The bill goes further by ensuring that every family who conceives via assisted reproduction is eligible for an adjudication of parentage, either by confirmatory adoption, a court order, or both, which can be an essential tool for couples, even when married. The law has long recognized the rights of non-genetic fathers, and the marital presumption applies to children born of any marriage, but confirmatory adoption provides critical additional security for parents, allowing all families who use donor gametes to strengthen the legal bonds tying their families together. The added protection of a legal judgment especially is important for same-sex parents. It was just five years ago that the right to marriage for same-sex couples was secured under the U.S. Constitution, Obergefell v. Hodges, 576 U.S. 644 (2015), and only ten years since it was secured by the New Hampshire legislature, RSA 457:1-a. Confirmatory adoption offers LGBTQ families security, especially in the face of the ongoing attacks on the right to marriage. See Fulton v. City of Philadelphia, No. 19-123, 2020 U.S. LEXIS 961 (S.Ct. Feb. 24, 2020)(allowing cert. in case determining whether a state-funded adoption agency has a constitutional right to refuse to allow same-sex couples to adopt). As the U.S. Supreme Court unanimously decided in VL. v. E.L., by virtue of the Full Faith and Credit Clause of the United States Constitution “[a] final judgment in one State, if rendered by a court with adjudicatory authority over the subject matter and persons governed by the judgment, qualifies for recognition throughout the land.” 577 U.S._, 136 S.Ct. 1017 (2016)(per curiam).

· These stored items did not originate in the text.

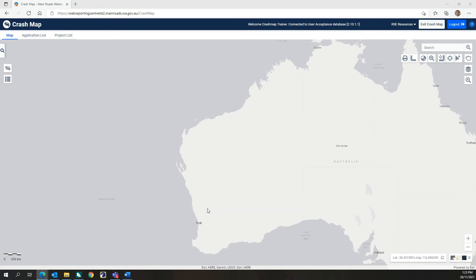Welcome to the CrashMap video tutorial for Crash Queries, Crash Results, Crash Reports, and Collision Diagrams. This tutorial explains how to run crash queries and how to analyze and review crash query results.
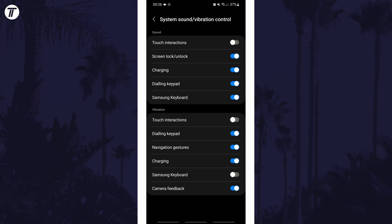If for some reason you can't find the vibration settings, you can always search for vibration on the home page of the settings. And so that is how to turn off keyboard vibration on an Android phone or tablet.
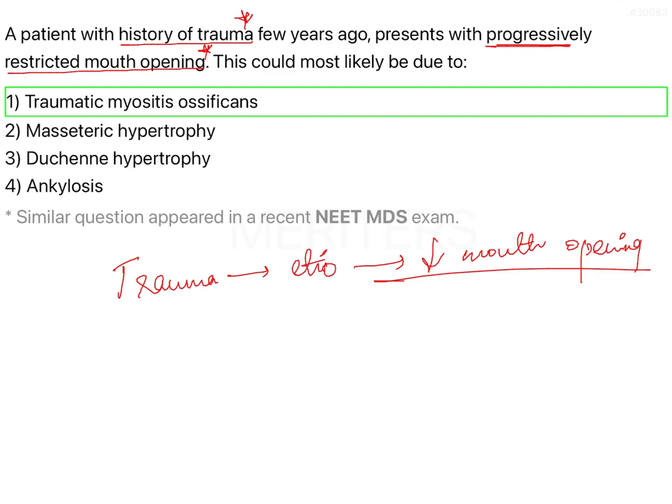Duchenne hypertrophy is a type of autoimmune disorder, which is a different topic to be addressed separately. Ankylosis could also be a reason for restricted mouth opening following trauma.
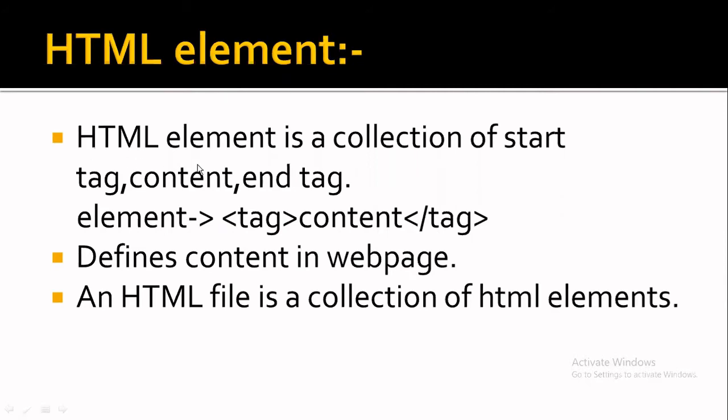HTML element is a collection of start tag, content, and end tag.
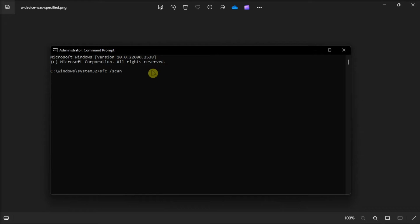Additionally, run also a check disk scan for the drive by entering this command in the command prompt, then press enter.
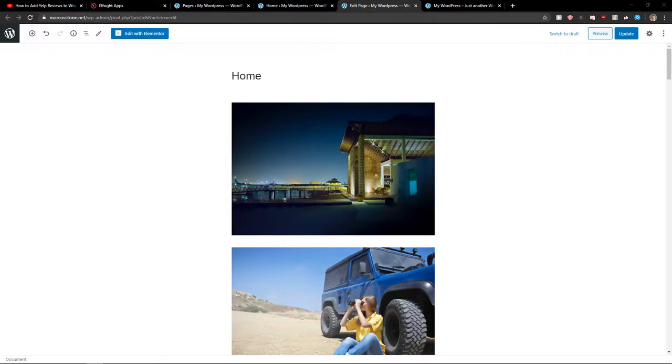Hey everybody, my name is Marcus Stone and in this video I will show you a really simple way how we can add background music for your WordPress website. So let's start.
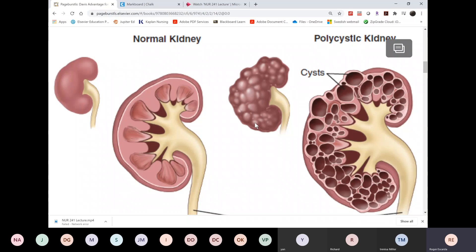Unlike acute kidney injury, where it was pre-, intra-, and post-renal, this one is obviously intrarenal. But the cause here is not acute kidney injury — this is now chronic kidney disease because the disease develops slowly over several years. The onset for the adult type is past 30 years old.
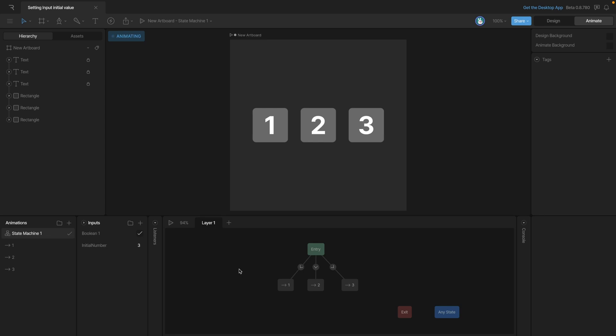Now remember, we're stopping the state machine to change these. But if we play the state machine and let's say we make changes to these input values, like we could uncheck the Boolean and change the number input from three to one. And if we stop the state machine, you'll see that all of those initial values have been reset to what they were before.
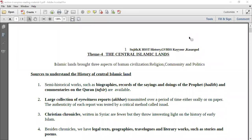Hello students, welcome back to your history class. So today we are again doing the same chapter, the Central Islamic Lands. I'm going through these notes with you all. We are just going to focus on the subtopics and some keywords or key topics, because now you all should have your notes ready or should be able to note down.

Accordingly, NH orders of adoption and parentage must be given full force and effect in all 50 states and territories, providing legal security for children and families.

In enacting HB 1162, the legislature recognized that more than ever Americans are choosing to delay or bypass marriage. As of 2016, a record 18 million Americans were living with an unmarried partner, up 29% since 2007, (Christina Cauterucci, More Unmarried Americans Than Ever Are Cohabiting, Slate (Apr. 7, 2017), and with same-sex couples less likely than different-sex couples to choose marriage (Cara Buckley, Gay Couples, Choosing to Say ‘I Don’t’, New York Times (Oct. 25, 2013). With so many nonmarital families forming nationwide, it is imperative that the law adapt to protect the children of these relationships. The updates to RSA 168-B make adoption available to these families.

Further, the legislature acknowledged that in recent years the opioid crisis increased the number of children being cared for by grandparents or other family members who are not married but who are teaming up to care for children. In passing HB 1162, the legislature made clear that children deserve first and foremost the security of a family, and parents do not need to be married or even a traditional couple. This will provide the ability for more family members to come forward to provide permanency for children in crisis.

This legislation added common-sense access to protections for children across the state. While there is always more to do—including ensuring expanded access to the key administrative route to parentage, Voluntary Acknowledgements—this bill is a meaningful, positive step forward for New Hampshire’s children and a reminder of the power of attorneys to identify and correct gaps in statutory protections.

Chrissy Hanisco is an Attorney at The Stein Law Firm, PLLC in Concord, NH where she focuses her practice on third-party family formation through adoption and assisted reproductive technology in both NH and MA. Presently she is serving on the NHBA Board of Governors as an At Large Member.

Chris Erchull is a Staff Attorney with GLBTQ Legal Advocates & Defenders (GLAD), based in Boston. He is licensed to practice in NH and MA.